■ Required action: Extract the line that contains "Mercedes B 180" and every line after it through the end of the records below, exactly as written, leaving out any pictures.

Stored items from a collection

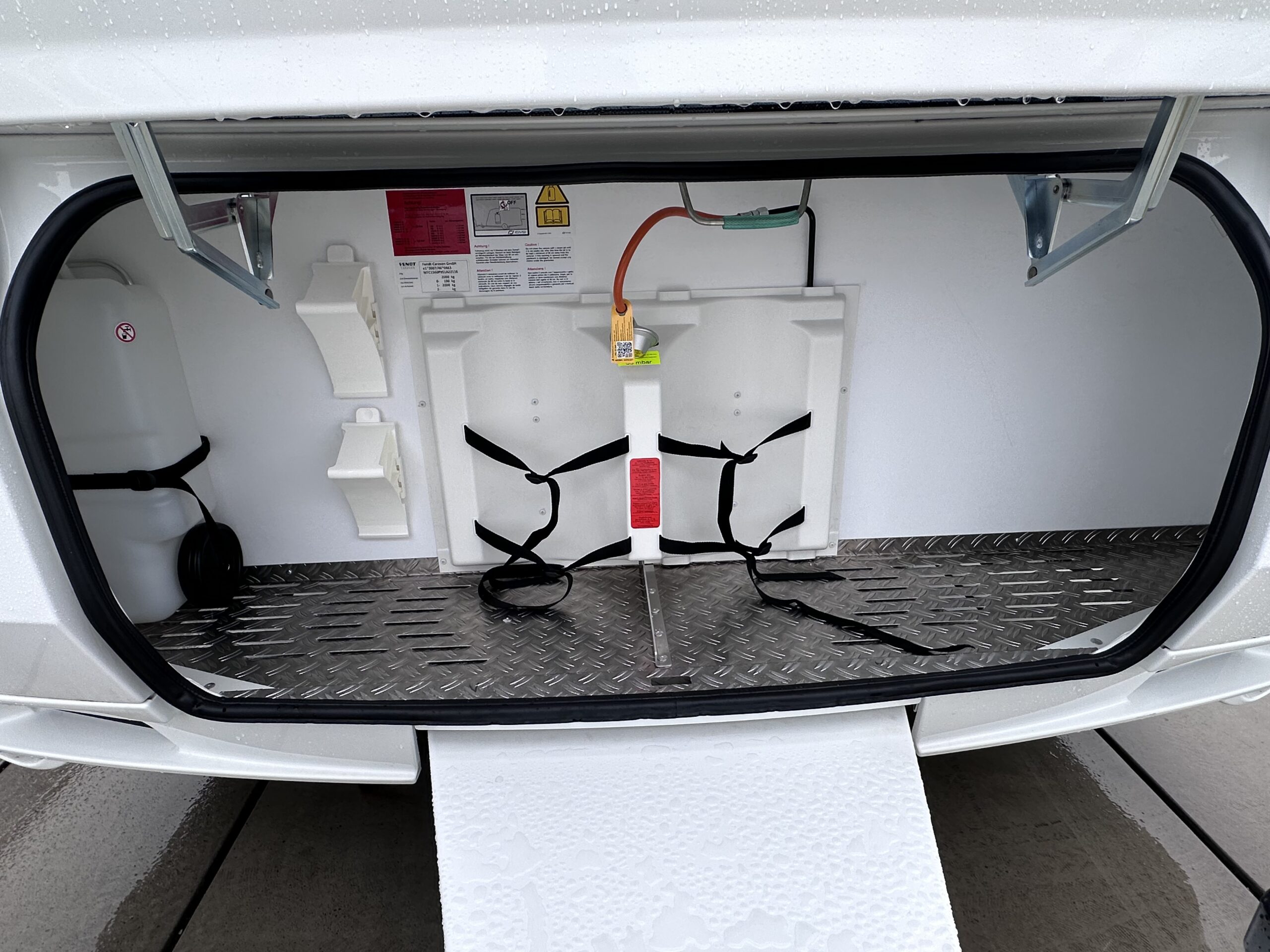 PRZYCZEPA KEMPINGOWA FENDT 560 SKM ACTIV BIANCO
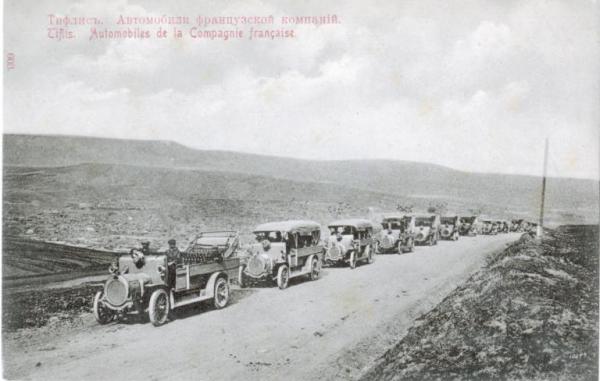 Russia (ora Georgia) - Tiflis (ora Tbilisi) - Fila di automobili della Compagnia Francese in marcia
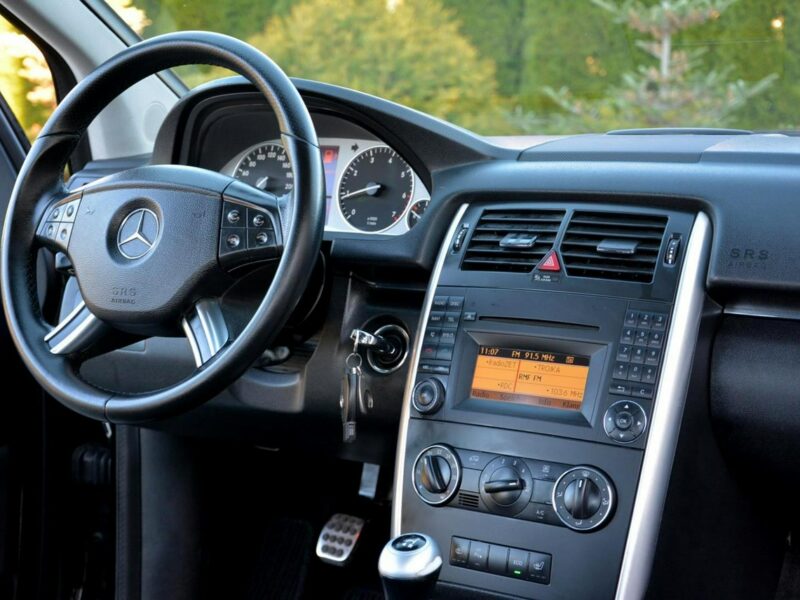 Mercedes B 180 Avantgarde Navi Skóry *2xPark*Grzane fotele Alu 17 Nowe opony W245 (2005-2011)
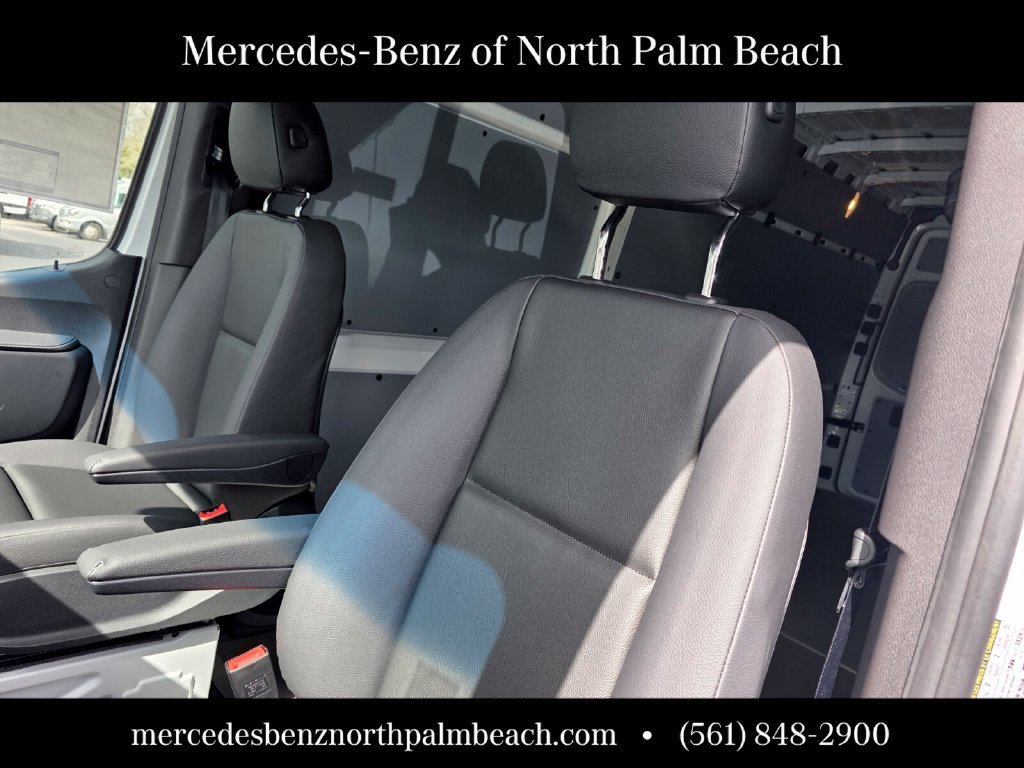 2026 Mercedes-Benz Sprinter Cargo Van Base - Photo 39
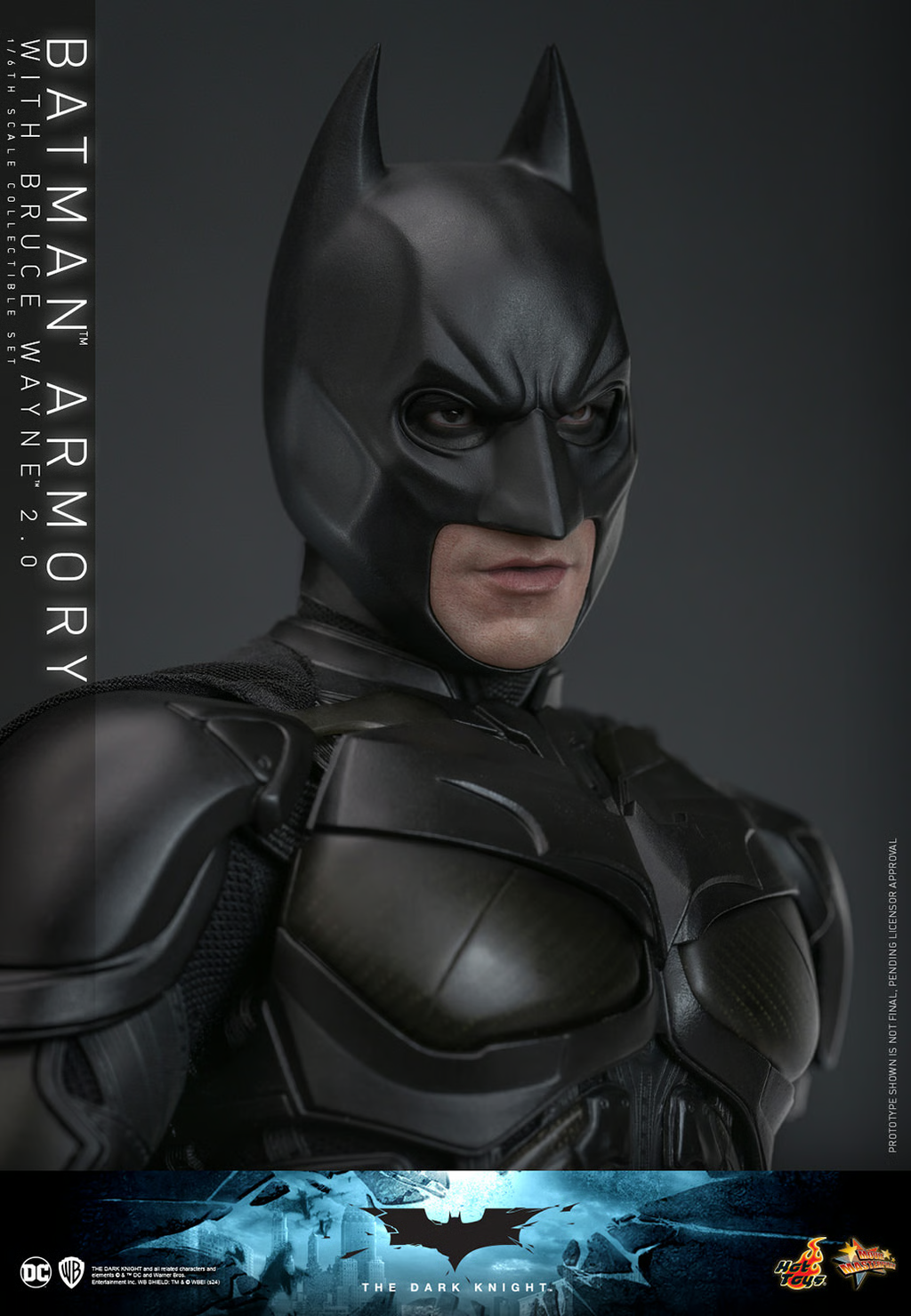 Figura Batman Armory com Bruce Wayne (2.0) - BATMAN THE DARK KNIGHT - 1/6 Scale - Hot Toys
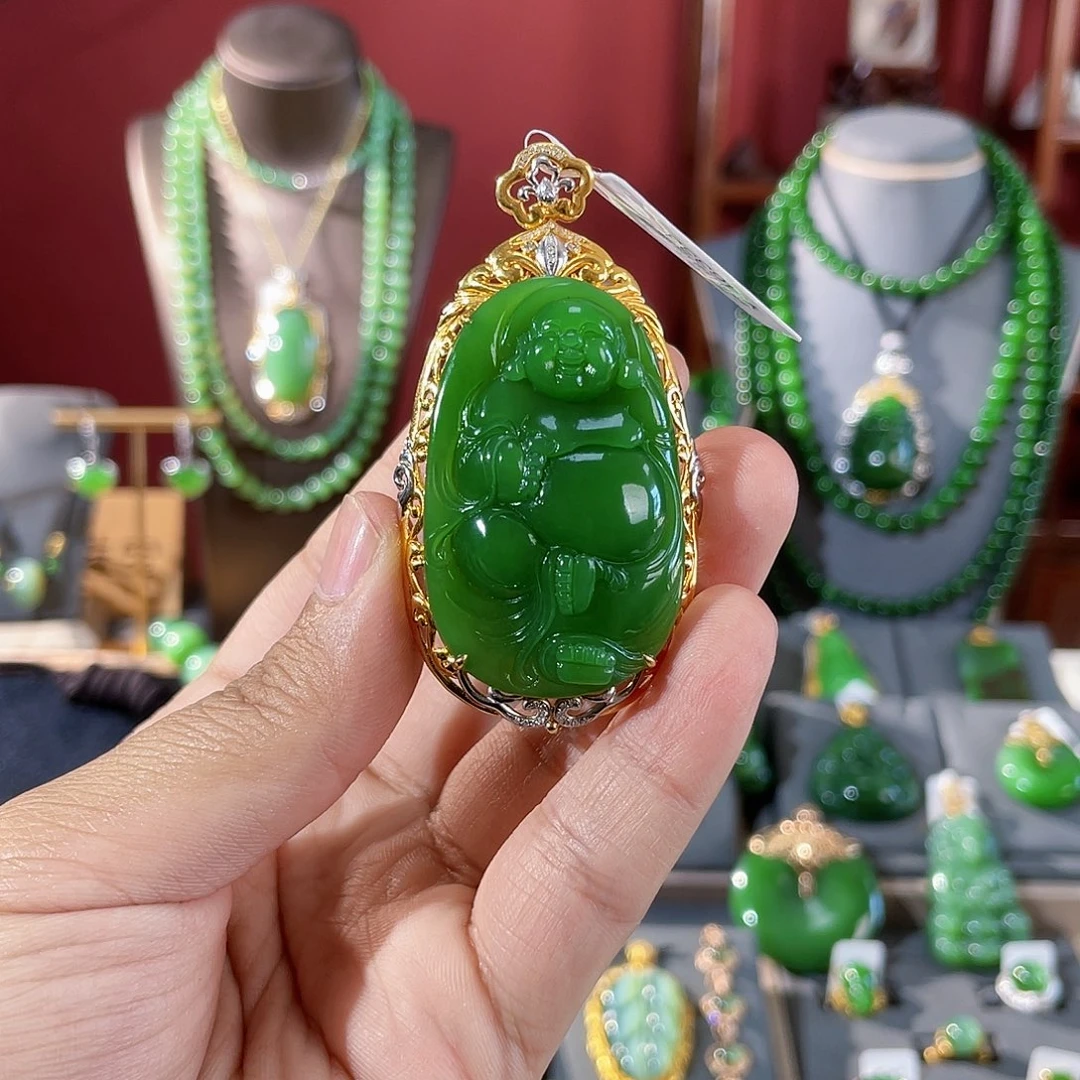 和田玉（碧玉）18K金镶嵌颈饰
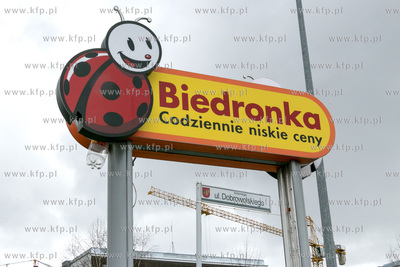 Sklep sieci Biedronka przy ulicy  Dobrowolskiego w...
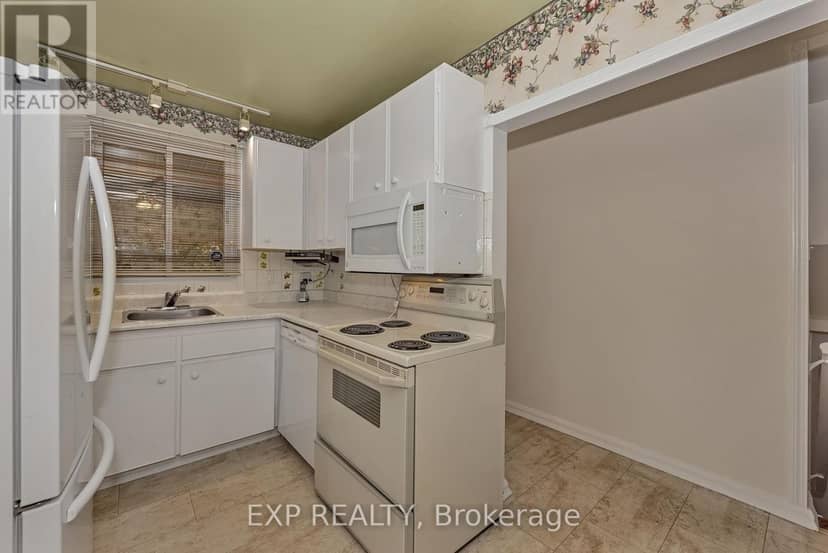 2161 Valley Drive, Ottawa, photo 8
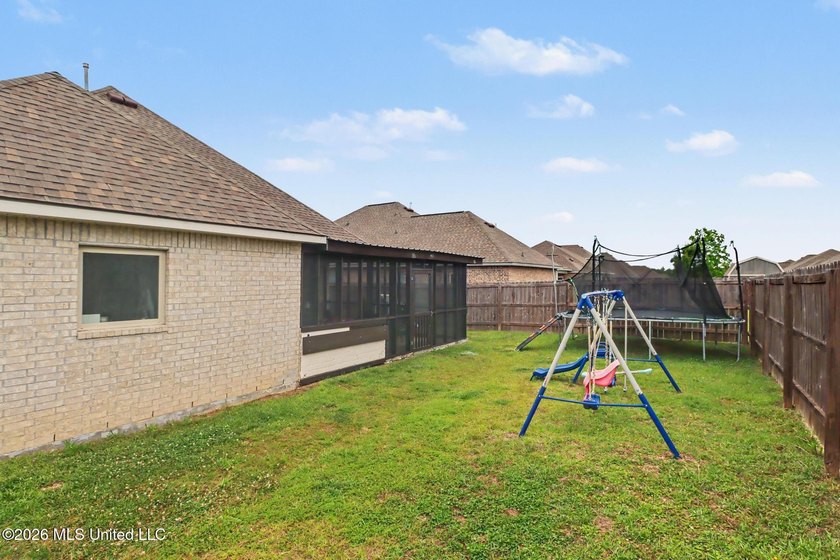 Pride of ownership shows in this move in ready home seller's - photo 26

■ Answer to the exercise:
 Mercedes B 180 Avantgarde Navi Skóry *2xPark*Grzane fotele Alu 17 Nowe opony W245 (2005-2011)
 2026 Mercedes-Benz Sprinter Cargo Van Base - Photo 39
 Figura Batman Armory com Bruce Wayne (2.0) - BATMAN THE DARK KNIGHT - 1/6 Scale - Hot Toys
 和田玉（碧玉）18K金镶嵌颈饰
 Sklep sieci Biedronka przy ulicy  Dobrowolskiego w...
 2161 Valley Drive, Ottawa, photo 8
 Pride of ownership shows in this move in ready home seller's - photo 26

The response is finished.